Przerażające sceny z udziałem karawanu w centrum miasta. Rodzina jest załamana

zycie.news 2 godzin temu
Zdjęcie: Trumnaa, źródło: Pexels


Doniesienia zostały potwierdzone przez policję, która ustaliła, co wydarzyło się w piątkowy wieczór w centrum miasta.

Myślał, iż patrzy na ofiarę potrącenia przez samochód

Goniec donosi, iż służby nie od razu dowiedziały się o wypadnięciu ciała kobiety z poruszającego się po drodze karawanu. To szokujące zdarzenie dotarło do funkcjonariuszy policji dopiero po nagłośnieniu medialnym.

18 października, w piątkowy wieczór, około godziny 19:00 z karawanu jadącego ulicą Staszica w miejscowości Stalowa Wola wypadło ciało kobiety.
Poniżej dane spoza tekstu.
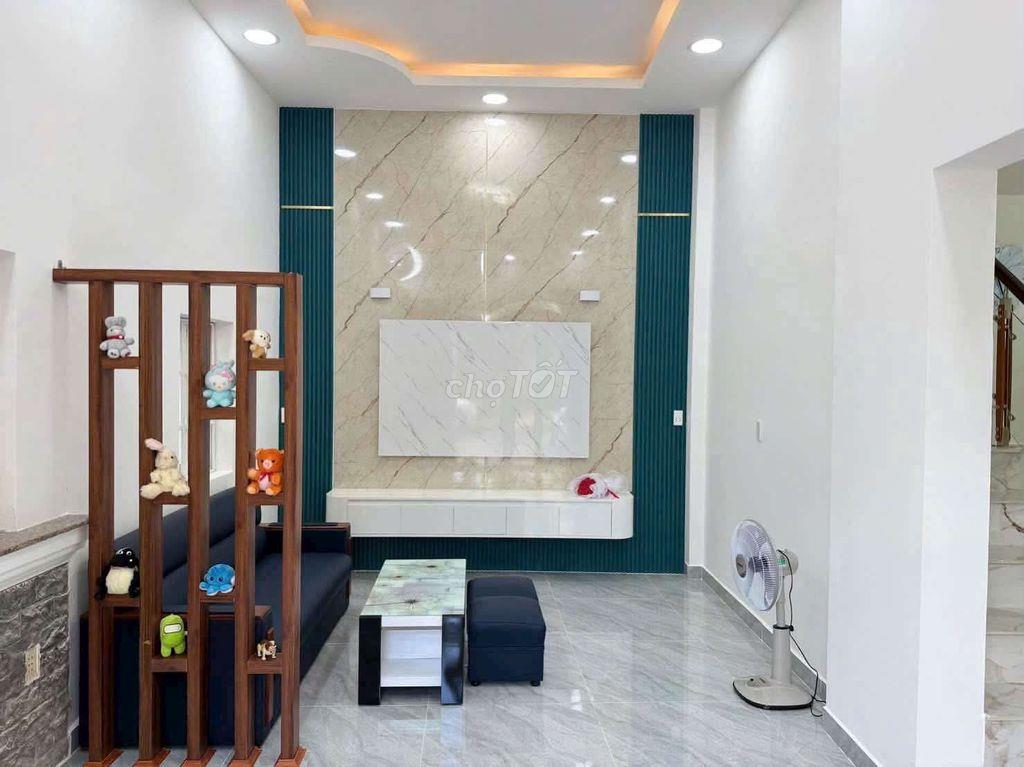 Nhà 2 tầng căn góc Phước Bình, cho thuê ngắn hạn, 3pn-2wc, nhà sạch sẽ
Mundurowi jednak przybyli na miejsce zbyt późno, aby doświadczyć dramatycznego widoku. Karawan zdążył odjechać, a zwłoki zabrano.

Służby wszczęły dochodzenie w celu ustalenia, czy nie doszło do zbezczeszczenia zwłok. Jeden ze świadków, który miał nieszczęście znaleźć się wówczas w pechowym miejscu, poinformował, iż w pewnym momencie niespodziewanie na przedniej szybie jego samochodu znalazło się prześcieradło, a gdy zsunęło się ono, odsłaniając widok, mężczyzna ujrzał kobietę leżącą na ulicy. Od razu przyjął, iż widzi ofiarę wypadku drogowego.

Głos w tej sprawie zabrała właścicielka zakładu pogrzebowego, która przekazała rodzinie zmarłej kobiety przeprosiny i wyjaśnienia przyczyn zaistniałego zdarzenia.

W obszernym oświadczeniu Karolina Sztyber właścicielka firmy pogrzebowej "Hades" wyjaśniła skandaliczne zdarzenie jako niefortunny wypadek będący skutkiem technicznej awarii mechanizmu zamykającego tylną klapę karawanu.

Z głębokim ubolewaniem informujemy, iż w wyniku niespodziewanej awarii technicznej elektrozaczepu tylnej klapy w karawanie, podczas przewozu ciała osoby zmarłej doszło do niefortunnego zdarzenia, które nie odzwierciedla wysokich standardów naszej firmy, naszej głębokiej empatii wobec rodzin zmarłych oraz szacunku, jaki zawsze okazujemy osobom zmarłym (…) Nasze myśli są z rodziną zmarłego, którą poinformowaliśmy o wszystkim niezwłocznie po zdarzeniu. - widnieje w oświadczeniu.

Poinformowała także, iż pracownicy jej firmy pozostają w stałym kontakcie z najbliższymi zmarłej kobiety i są gotowi do udzielenia wsparcia.